#### [RECORDS SHOWN]

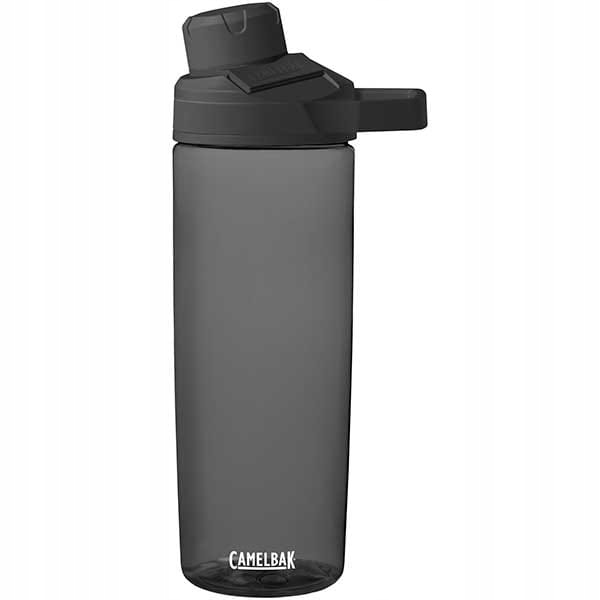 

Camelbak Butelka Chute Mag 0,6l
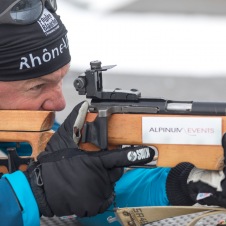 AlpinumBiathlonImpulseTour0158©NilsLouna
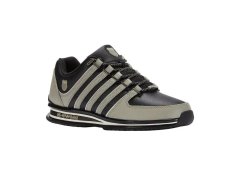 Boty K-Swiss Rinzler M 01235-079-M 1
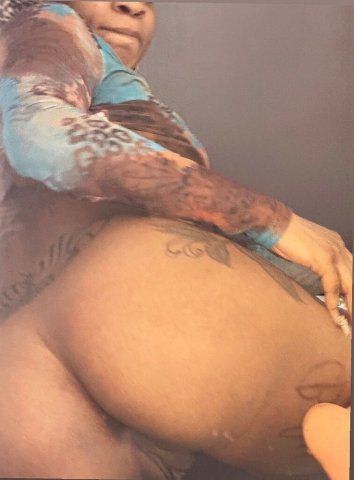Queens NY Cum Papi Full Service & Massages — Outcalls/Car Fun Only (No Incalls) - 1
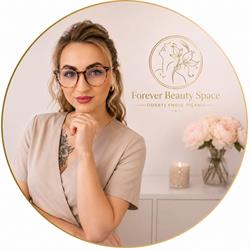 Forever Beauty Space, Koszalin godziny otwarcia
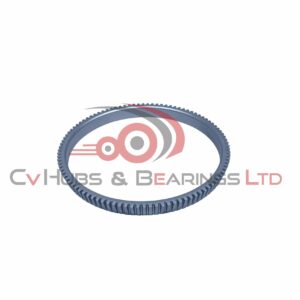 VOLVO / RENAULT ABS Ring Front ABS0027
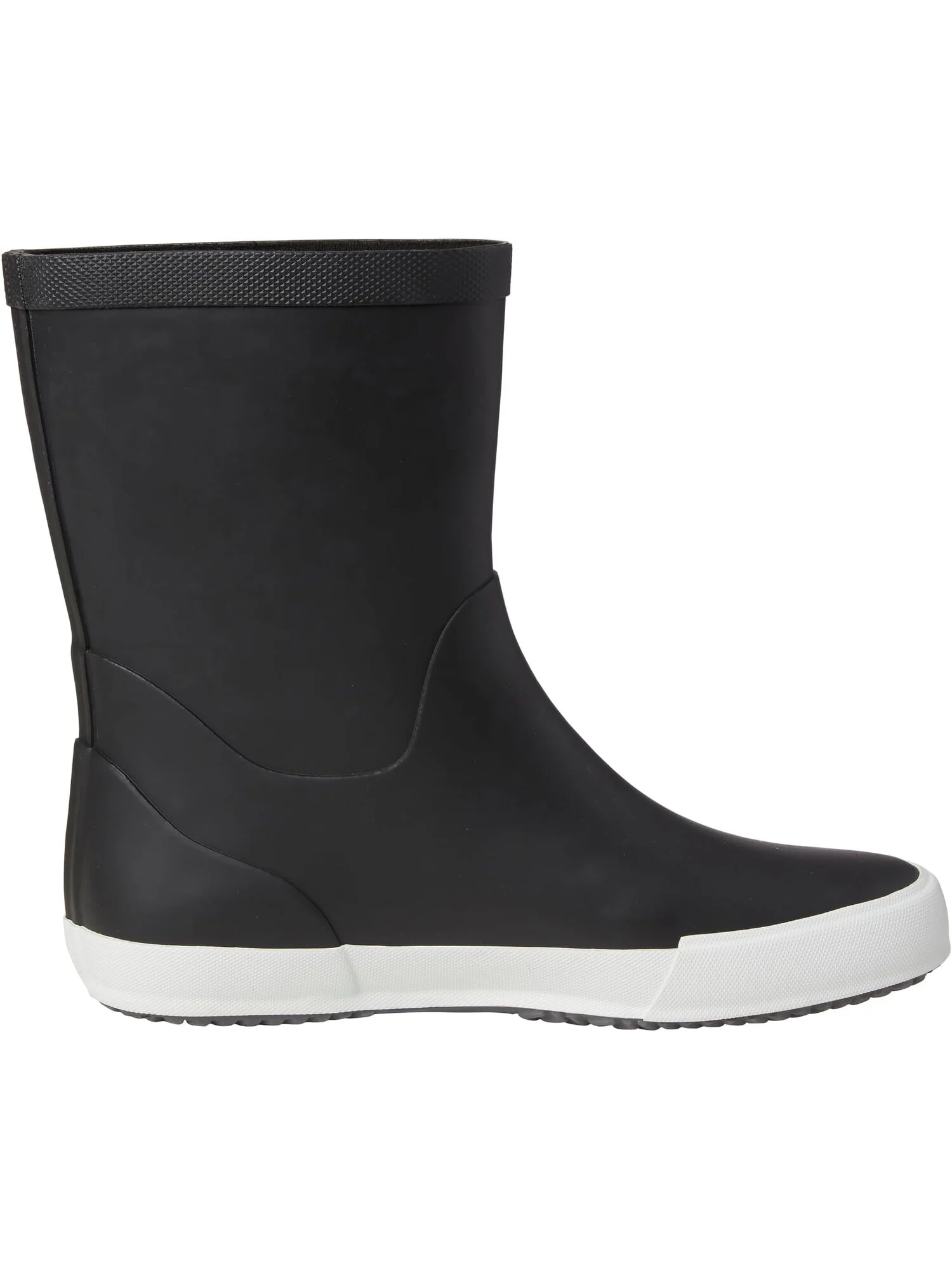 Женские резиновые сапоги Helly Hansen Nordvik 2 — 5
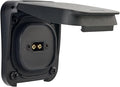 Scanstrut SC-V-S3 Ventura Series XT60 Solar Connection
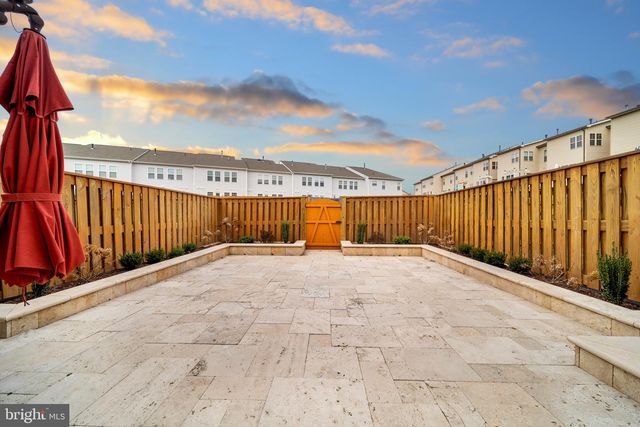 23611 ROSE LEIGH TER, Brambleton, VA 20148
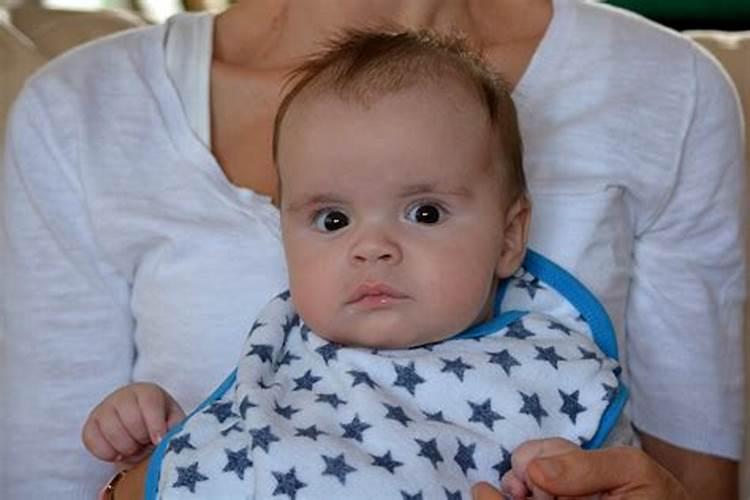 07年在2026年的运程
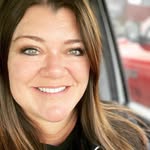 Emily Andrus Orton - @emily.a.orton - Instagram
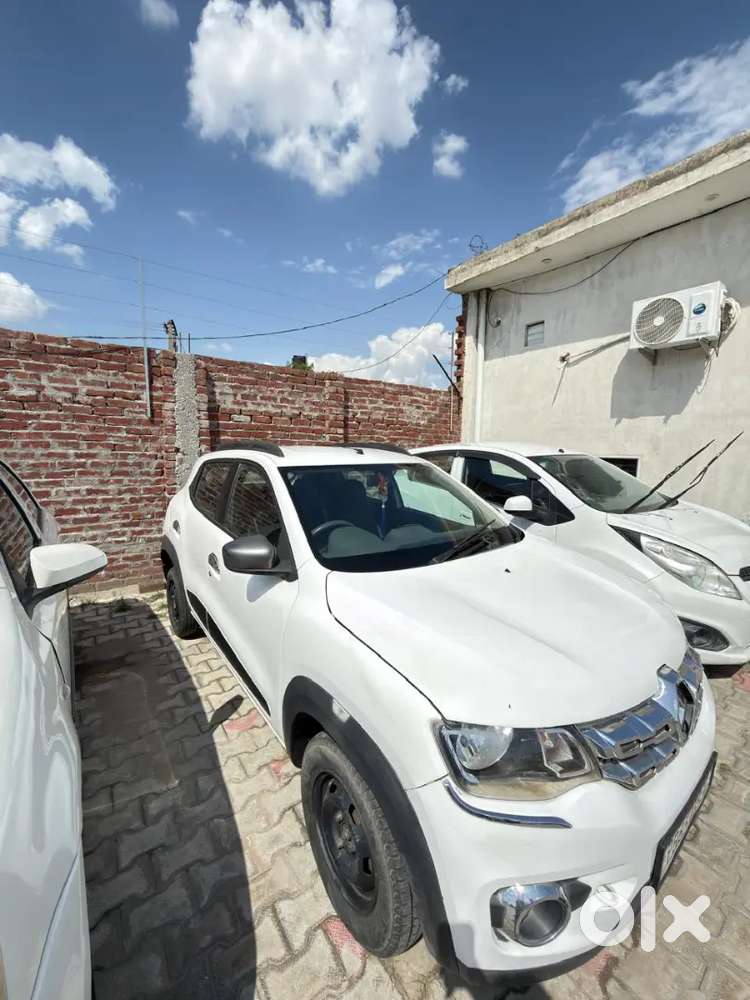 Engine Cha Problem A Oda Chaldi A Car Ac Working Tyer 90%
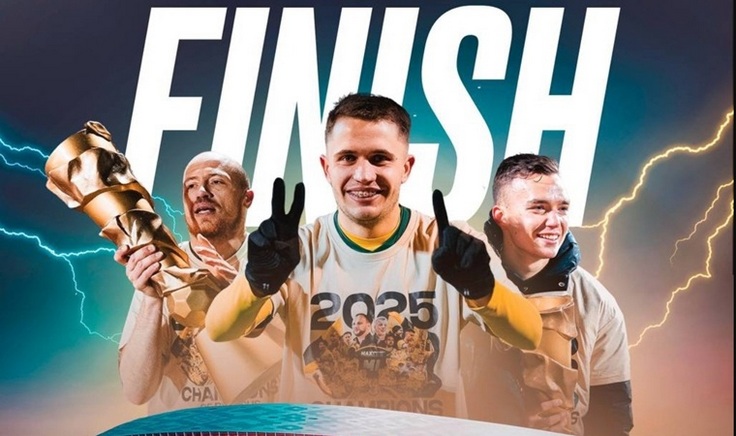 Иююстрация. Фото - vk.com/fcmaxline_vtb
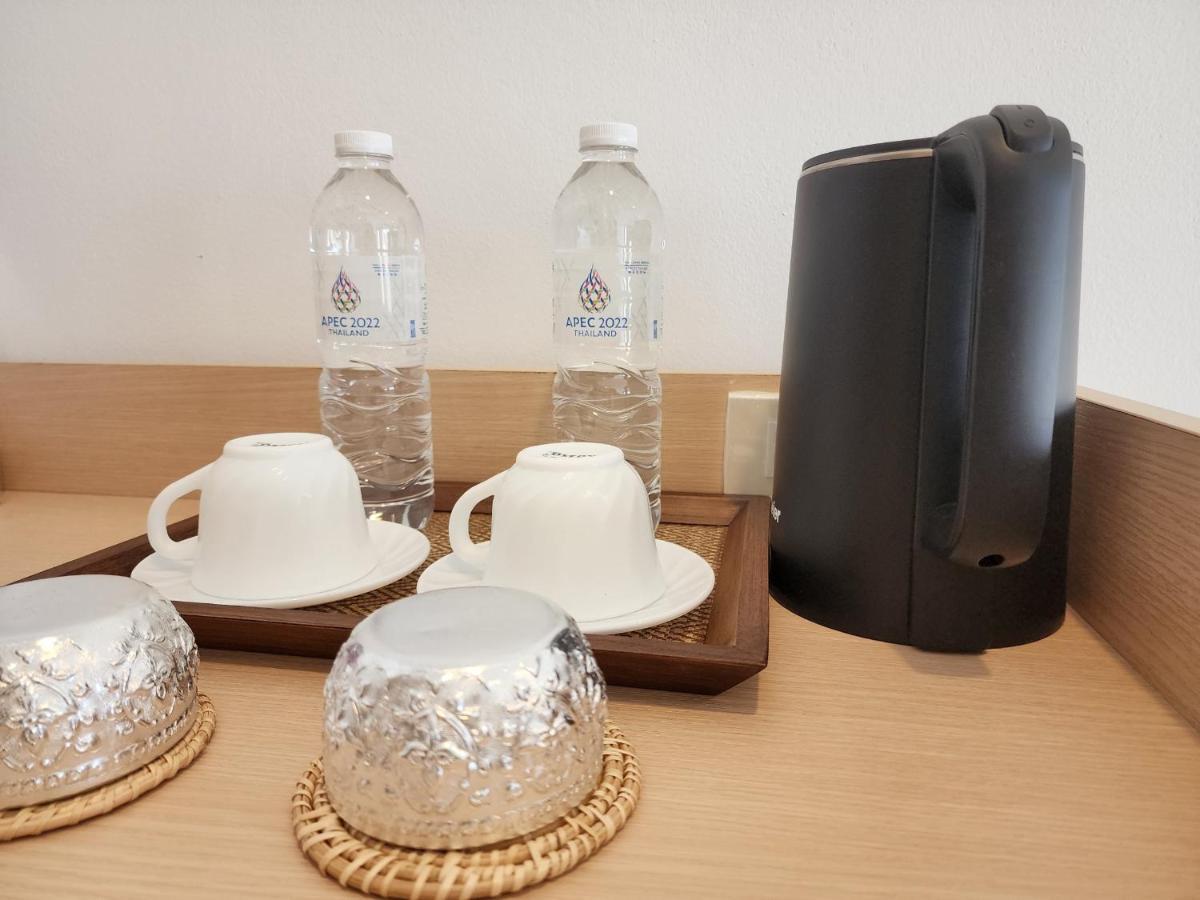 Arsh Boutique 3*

#### [TASK DETAILS]
Please output the listing above in full, exactly as given, without its images.

#### [TASK OUTPUT]
Camelbak Butelka Chute Mag 0,6l
 AlpinumBiathlonImpulseTour0158©NilsLouna
 Boty K-Swiss Rinzler M 01235-079-M 1
Queens NY Cum Papi Full Service & Massages — Outcalls/Car Fun Only (No Incalls) - 1
 Forever Beauty Space, Koszalin godziny otwarcia
 VOLVO / RENAULT ABS Ring Front ABS0027
 Женские резиновые сапоги Helly Hansen Nordvik 2 — 5
 Scanstrut SC-V-S3 Ventura Series XT60 Solar Connection
 23611 ROSE LEIGH TER, Brambleton, VA 20148
 07年在2026年的运程
 Emily Andrus Orton - @emily.a.orton - Instagram
 Engine Cha Problem A Oda Chaldi A Car Ac Working Tyer 90%
 Иююстрация. Фото - vk.com/fcmaxline_vtb
 Arsh Boutique 3*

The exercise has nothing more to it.